→ DIRECTIONS:
Only the pictures are to be dropped; the rest of the data below is to be duplicated exactly.

→ PROVIDED MATERIAL:
━━━━
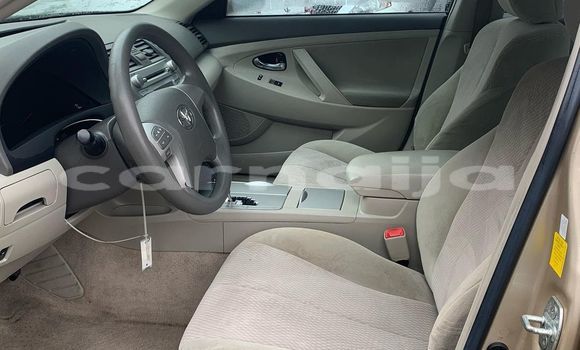 Buy Used Toyota Camry Other Car in Aguata in Anambra State Buy Used Toyota Camry Other Car in Aguata in Anambra State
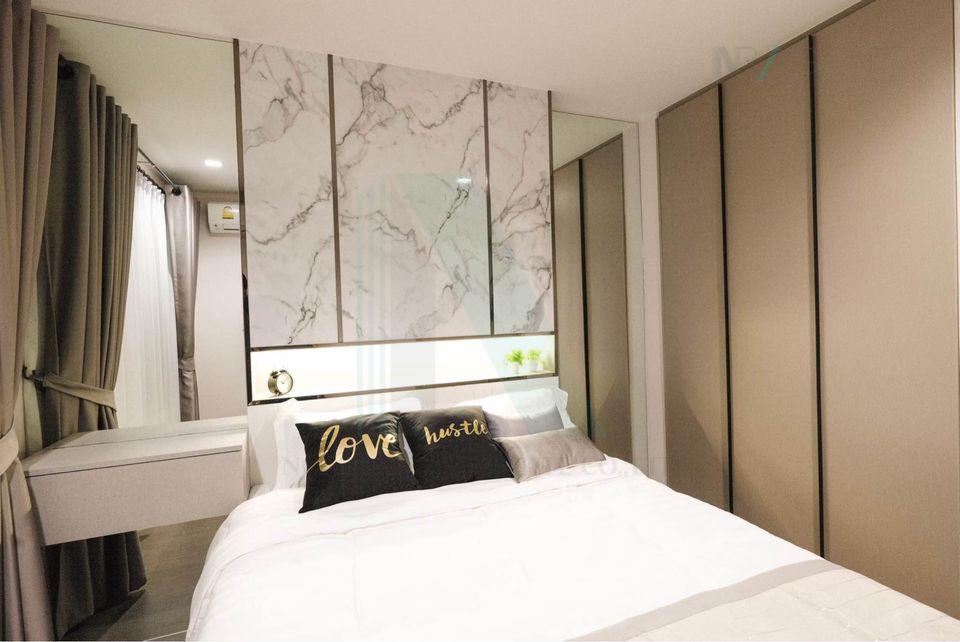 picture 🎉Special room!🎉 For Rent Condo IDEO SUKHUMVIT 93 Building C, Floor 5,1 bed room, Room size 32.00 sqm - 4/8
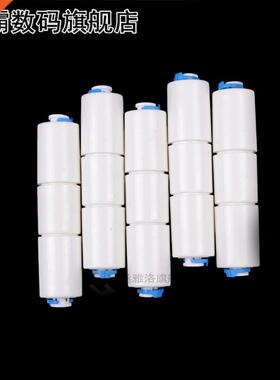 Water Filter Parts RO Flow Restrictor 00CC-1500CC With 1/4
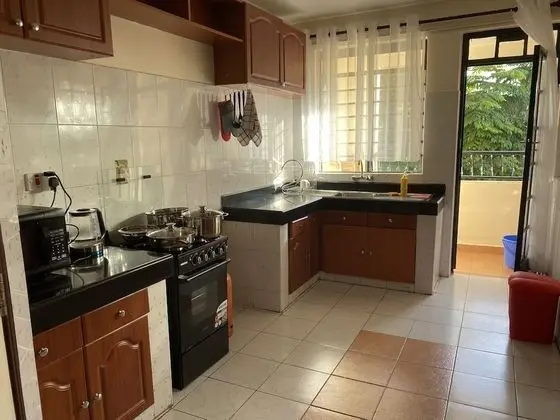 Deluxe Apart Daire, 3 Yatak Odası, Banyolu/Duşlu, Şehir Manzaralı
━━━━
→ ANSWER SPACE:
 Buy Used Toyota Camry Other Car in Aguata in Anambra State Buy Used Toyota Camry Other Car in Aguata in Anambra State
 picture 🎉Special room!🎉 For Rent Condo IDEO SUKHUMVIT 93 Building C, Floor 5,1 bed room, Room size 32.00 sqm - 4/8
 Water Filter Parts RO Flow Restrictor 00CC-1500CC With 1/4
 Deluxe Apart Daire, 3 Yatak Odası, Banyolu/Duşlu, Şehir Manzaralı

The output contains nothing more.